Ben Stokes benefits from change to ‘misapprehension rule’ after no-ball dismissal


Ben Stokes benefitted from a huge slice of good fortune – as well as a recent rewrite of the Laws of Cricket – as his counterattacking half-century on the opening day of the St Lucia Test was allowed to continue after he had left the field of play following his apparent dismissal by Alzarri Joseph.

Stokes, on 52 at the time, had left the field aghast in the 70th over after pulling a short ball from Joseph straight back to the bowler, who checked himself well in his followthrough to cling onto a fast-travelling chance.

However, replays on the big screen soon alerted both the crowd and the umpires to the possibility that Joseph had overstepped.

That in itself is nothing new – this was, according to Sky Sports, the 18th dismissal that West Indies alone had had a wicket overturned due to a no-ball since January 2017.

Unusally, however, Stokes had already crossed the boundary rope and climbed the steps into the pavilion. He had been replaced on the field by England’s No. 7 Jonny Bairstow when the onfield umpire, Rod Tucker signalled the no-ball, following confirmation from Chris Gaffaney in the third umpire’s chair.

Until recently, Stokes’ departure from the field of play would have signalled the end of the matter. However, he was the beneficiary of MCC’s decision, in April 2017, to define Law 31.7, which governs the status of batsmen “leaving the wicket under a misapprehension”.

The new code, which came into force in October 2017, includes an additional clause to reflect the ubiquity of televised replays in major matches.

The law now reads: “An umpire shall intervene if satisfied that a batsman, not having been given out, has left the wicket under a misapprehension of being out. The umpire intervening shall call and signal Dead ball to prevent any further action by the fielding side and shall recall the batsman.

“A batsman may be recalled at any time up to the instant when the ball comes into play for the next delivery, unless it is the final wicket of the innings, in which case it should be up to the instant when the umpires leave the field.”

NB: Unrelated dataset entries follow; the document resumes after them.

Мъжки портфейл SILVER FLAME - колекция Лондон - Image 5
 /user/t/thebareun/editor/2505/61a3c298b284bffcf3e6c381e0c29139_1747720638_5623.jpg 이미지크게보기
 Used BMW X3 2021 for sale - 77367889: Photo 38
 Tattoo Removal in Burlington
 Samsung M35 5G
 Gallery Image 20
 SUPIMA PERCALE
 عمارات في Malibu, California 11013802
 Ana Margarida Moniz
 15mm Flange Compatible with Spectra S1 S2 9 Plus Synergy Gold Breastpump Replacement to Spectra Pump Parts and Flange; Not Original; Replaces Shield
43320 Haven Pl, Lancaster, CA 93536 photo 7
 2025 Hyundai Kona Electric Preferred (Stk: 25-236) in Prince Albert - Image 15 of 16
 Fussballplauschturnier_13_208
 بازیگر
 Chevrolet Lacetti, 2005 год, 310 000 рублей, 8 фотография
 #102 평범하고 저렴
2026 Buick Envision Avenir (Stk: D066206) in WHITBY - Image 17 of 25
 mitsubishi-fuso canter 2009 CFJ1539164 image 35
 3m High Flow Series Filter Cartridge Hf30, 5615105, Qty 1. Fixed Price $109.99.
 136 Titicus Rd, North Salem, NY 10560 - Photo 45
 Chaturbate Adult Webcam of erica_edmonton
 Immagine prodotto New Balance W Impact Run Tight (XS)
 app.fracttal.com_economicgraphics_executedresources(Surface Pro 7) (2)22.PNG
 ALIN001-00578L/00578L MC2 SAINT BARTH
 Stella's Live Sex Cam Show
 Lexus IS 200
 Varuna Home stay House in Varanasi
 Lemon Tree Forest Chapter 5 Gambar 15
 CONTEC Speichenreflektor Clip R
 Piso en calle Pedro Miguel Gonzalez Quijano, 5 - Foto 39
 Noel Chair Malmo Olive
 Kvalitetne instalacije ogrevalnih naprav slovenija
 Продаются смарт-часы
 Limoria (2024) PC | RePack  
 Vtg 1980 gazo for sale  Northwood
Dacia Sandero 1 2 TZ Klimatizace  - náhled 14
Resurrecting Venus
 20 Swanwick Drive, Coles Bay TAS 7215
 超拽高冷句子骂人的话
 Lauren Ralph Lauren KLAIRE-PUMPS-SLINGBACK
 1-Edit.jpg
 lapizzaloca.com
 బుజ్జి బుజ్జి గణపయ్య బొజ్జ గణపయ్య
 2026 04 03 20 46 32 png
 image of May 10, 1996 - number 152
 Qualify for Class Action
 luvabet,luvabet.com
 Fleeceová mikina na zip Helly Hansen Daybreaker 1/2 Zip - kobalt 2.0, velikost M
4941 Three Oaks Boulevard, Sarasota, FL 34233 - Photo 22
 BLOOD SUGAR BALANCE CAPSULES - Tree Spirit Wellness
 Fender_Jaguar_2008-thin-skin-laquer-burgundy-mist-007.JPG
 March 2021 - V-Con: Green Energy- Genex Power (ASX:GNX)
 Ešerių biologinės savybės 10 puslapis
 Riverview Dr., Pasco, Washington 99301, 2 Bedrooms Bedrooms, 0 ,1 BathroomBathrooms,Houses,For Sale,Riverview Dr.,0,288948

Stokes finished the day on 62 not out, as he and his fifth-wicket partner, Jos Buttler, batted through to the close without further alarm in their stand of 124.

“Thank God for technology,” said Stokes at the close of play. “‘It’s a first for me and it’s probably something they need to get control of. In international cricket you shouldn’t be walking off, getting into the changing rooms, and then back out there two minutes later.

“It’s a good job I didn’t take my pads off. It was just a bizarre bit of cricket all round.

“I tried to get myself back in that same frame of mind I was when me and Jos were going well out there,” he added. “There was a lot of cheering going on so I had to blank that out and start again.”